第160章 血火淬锋 棋定东南

泰昌九年的春天,终于在连绵的阴雨与偶尔探头的暖阳交替中,彻底驱散了冬日的酷寒。然而,人间的烽火与权谋,却比自然界的风雨更为无常,裹挟着血与铁的气息,在帝国的边疆与藩属之地,刻下了深深的印痕。

北疆,卧狼沟。

拂晓前的黑暗最为浓重,寒气刺骨。八百“铁血骑”如同暗夜中潜行的狼群,人马衔枚,蹄裹厚布,悄无声息地完成了对建奴宿营地的合围。朱由检伏在一处丘陵后,目光穿透稀薄的晨雾,紧紧盯着坡地下那片影影绰绰的帐篷和零星篝火。敌军的哨骑刚刚换过岗,警惕性正是最低的时候。

他缓缓举起右手,身后传来一片极其轻微的甲叶摩擦与火铳击锤被扳开的声音。

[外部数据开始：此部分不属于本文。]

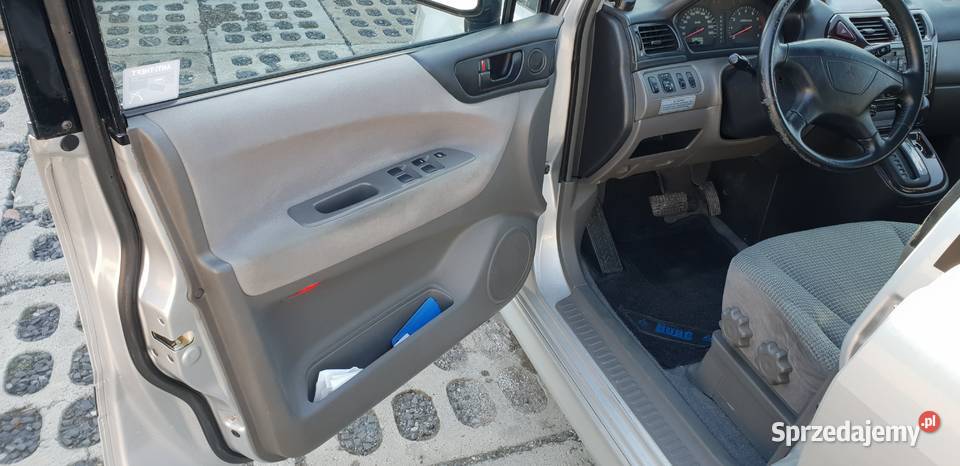 Mitsubishi Space Wagon 264000km Biskupiec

每一个士兵都屏住了呼吸,等待着那石破天惊的一刻。

当东方天际泛起第一丝鱼肚白,勾勒出山峦模糊轮廓的瞬间,朱由检的手臂猛地挥下!

“进攻!”

呜——!

低沉而凌厉的牛角号声骤然划破寂静!

如同堤坝崩决,八百铁骑自三面坡地猛冲而下!没有呐喊,只有如同闷雷般滚动的马蹄声,以及冲在最前面的数排骑兵手中猛然爆发的燧发短铳轰鸣!

砰!砰!砰!

密集的弹雨如同死神的镰刀,瞬间扫过营地边缘那些刚从睡梦中惊醒、试图拿起武器的建奴士兵。硝烟弥漫,人仰马翻!

“掷!”

随着军官的厉喝,一枚枚冒着青烟的手掷震天雷(小型开花弹)被奋力投掷进营地中心。

轰!轰!轰!

连续的爆炸声在人群中响起,火光闪烁,破片横飞,瞬间将营地的秩序彻底撕碎。战马受惊,四处狂奔,践踏着惊慌失措的人群。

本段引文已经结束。